The appellant, Mr. Aldosie Chisem, appeals from a February 21, 1996, Board of Veterans’ Appeals (BVA) decision which, inter alia, dismissed claims of clear and unmistakable error (CUE) in an October 1947 VA regional office (RO) decision and of obvious error in a February 1953 BVA decision, both of which denied entitlement to service connection for a psychiatric disability. In lieu of a brief, the Secretary has filed a motion for remand and to stay further proceedings. For the following reasons, the Court will deny the motion for remand and will affirm the BVA decision which dismissed the appellant’s claims of error in the 1947 RO decision and the 1953 BVA decision.

I. FACTS

On February 18, 1997, the Secretary moved to stay proceedings on this appeal pending action on a motion for BVA reconsideration. On February 19, 1997, the Court stayed proceedings and ordered the Secretary to advise the Court whether the BVA Chairman was inclined to grant reconsideration. On April 21, 1997, the Secretary informed the Court that the Chairman was inclined to grant reconsideration of the 1953 BVA decision.

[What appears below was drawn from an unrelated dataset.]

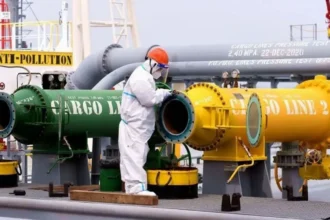Refinerías teteras de China amortiguan crisis petrolera por guerra en Irán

On May 1, 1997, the Secretary filed a motion for partial remand and to stay further proceedings. As grounds for his motion the Secretary states that, although the Chairman has granted reconsideration of the 1953 BVA decision, he denied reconsideration of the 1996 decision on appeal. The Secretary suggests that remand of the issue of whether there was obvious error in the 1953 BVA decision is appropriate in light of the Chairman’s grant, of reconsideration of that decision. He states that the appellant does not oppose such a remand. The issue, the Secretary continues, is how the Court should proceed with the claim of CUE in the 1947 RO decision. He points out that the 1996 BVA decision found as a matter of fact that the 1947 RO decision had been subsumed by the 1953 BVA decision. He suggests a stay of the CUE issue on the basis that if, on reconsideration, the Chairman should find obvious error in the 1953 BVA decision, the effective date of the appellant’s claim would be the date of the 1947 claim. If, however, no error is found in the 1953 BVA decision, the Secretary opines that' the appellant could then pursue the CUE claim presently pending before the Court. The Secretary concludes by stating that, while the appellant does not oppose a stay of the CUE issue, he does oppose a remand of that issue for fear that the Court would not retain jurisdiction over that claim.

II. ANALYSIS

In Chisem v. Brown, 4 Vet.App. 169, 176 (1993), the Court expressly held that the October 1947 rating decision was not appealed and became final. Before the Board issued its decision on remand, the Court of Appeals for the Federal Circuit decided Smith v. Brown, 35 F.3d 1516 (Fed.Cir.1994). Therein, the Federal Circuit held that “CUE review authority [relates] only to review of [RO] adjudicatory decisions and not to those of the Board.” Id. at 1527. Following Smith, the Secretary filed a motion to recall mandate and for clarification of our earlier decision in light of Smith. In Chisem v. Brown, 8 Vet.App. 374 (1995), we denied the Secretary’s motion. However, in so doing, the Court noted that the “Board should examine whether [Smith ] has clearly changed this Court’s law and, by operation of law, modified our earlier mandate.” Contrary to our pre-Smith determination that “the October 10, 1947, rating decision was never appealed, and thus, became a final decision,” the 1996 BVA decision stated that the 1947 RO decision had been subsumed by the February 1953 BVA decision. The Board accordingly dismissed the claim on the basis that no claim of CUE can exist as a matter of law when the agency of original jurisdiction decision has been appealed to and affirmed by the BVA and thus subsumed by the BVA decision. As we stated above, this Court previously held that the October 1947 RO decision was never appealed. Under the “law of the case” doctrine appellate courts generally will not review or reconsider issues that have already been decided in a *528previous appeal of the same case. See In the Matter of the Fee Agreement of William G. Smith in Case No. 92-1072, 10 Vet.App. 311, 314 (1997) (under law of case doctrine, “Board was not free to do anything contrary to this Court’s [prior] action” with respect to same claim); Browder v. Brown, 5 Vet.App. 268, 270 (1993). However, the Federal Circuit recognizes three exceptions to the law of the case doctrine: (1) when the evidence at trial was substantially different from that in the former trial upon which the appellate court based its decision; (2) when the controlling authority has since made a contrary decision of law; and (3) when the appellate decision was clearly erroneous. Kori Corp. v. Wilco Marsh Buggies and Draglines, Inc., 761 F.2d 649, 657 (Fed.Cir.1985); see also Chisem, 8 Vet.App. at 375.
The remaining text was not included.